Hospital fined $86k for leaving towel in patient creates new towel count system

After a Fresno, Calif.-based Community Regional Medical Center surgeon put a patient in serious jeopardy by leaving a surgical towel inside his body, the cancer center had to rethink its surgical count program.

CRMC agreed to pay a more than $86,000 fine and implement a plan of correction, according to a report from the California Department of Public Heath.

About one month after receiving surgery on April 8, 2014 for bladder cancer, the patient stated, "I had lost 43 pounds, my bowels were not working right, I had no energy, no stamina and I felt like I might not live," according to the report. The patient added, "I couldn't even drive myself to my doctor appointments during this time, and I could not even walk from the bed to the couch without becoming fatigued."

The operating room team had found the scissor count incorrect post surgery and issued an X-ray of the patient, but found nothing, according to the report.
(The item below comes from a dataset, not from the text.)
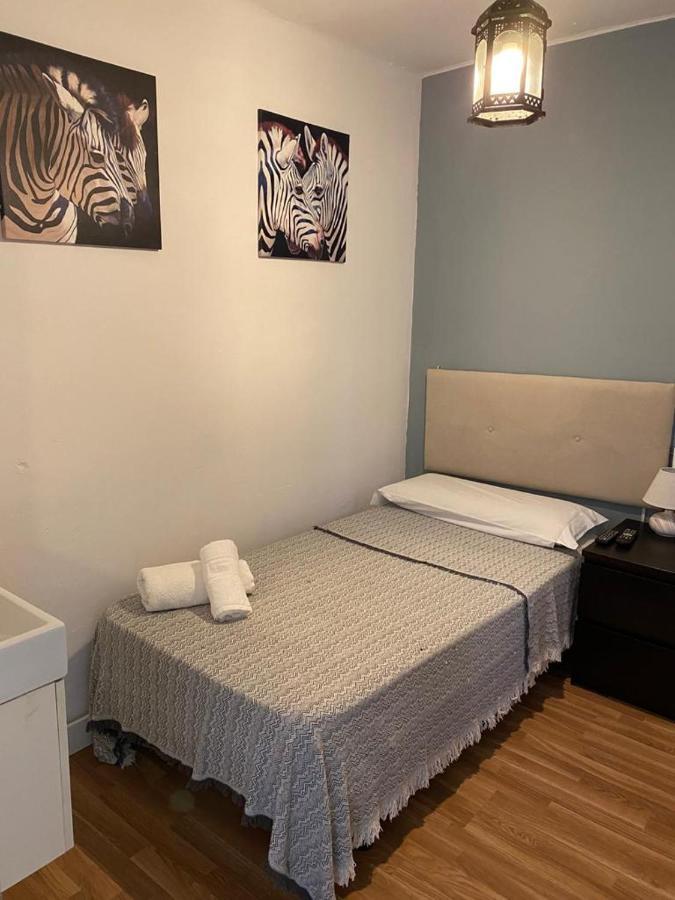 Hostal The Monkey Room Marbella Bagian luar foto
However, at the time, they did not have a procedure in place to count the blue surgical towels, because "the towels are well documented everywhere else and it has always been known by the surgical staff not to use those towels on a patient" a risk manager told the Department of Health.

The towels were not radiopaque, so they were not picked up by the initial X-ray. It was not until the patient saw a third physician for his complications that an abdominal mass was found on a CT scan. In a second surgery, the blue surgical towel was discovered.

The Department of Public Health found the hospital failed to follow its OR counts procedure, which led to the towel being retained in the patient for three months, causing serious injury and putting the patient at risk of death, according to the report.

During a DPH interview with the director of surgical services and the manager of surgical services at the hospital, the officials stated, "This was a lesson learned, the blue surgical towels will no longer be allowed on the surgical field once an incision is made. Only radiopaque towels will be allowed," according to the report.

Immediately after CRMC was informed of the mistake in July 2014, it implemented a towel count program, according to the report. Once a surgery begins, CRMC now requires only radiopaque towels to be used if needed, and the towels are required to be counted, according to the report. By July 15, 2014, an audit found this procedure was being followed 100 percent of the time, according to the report. An additional audit was completed in November 2014, and continued randomly twice a week to ensure compliance, according to the report.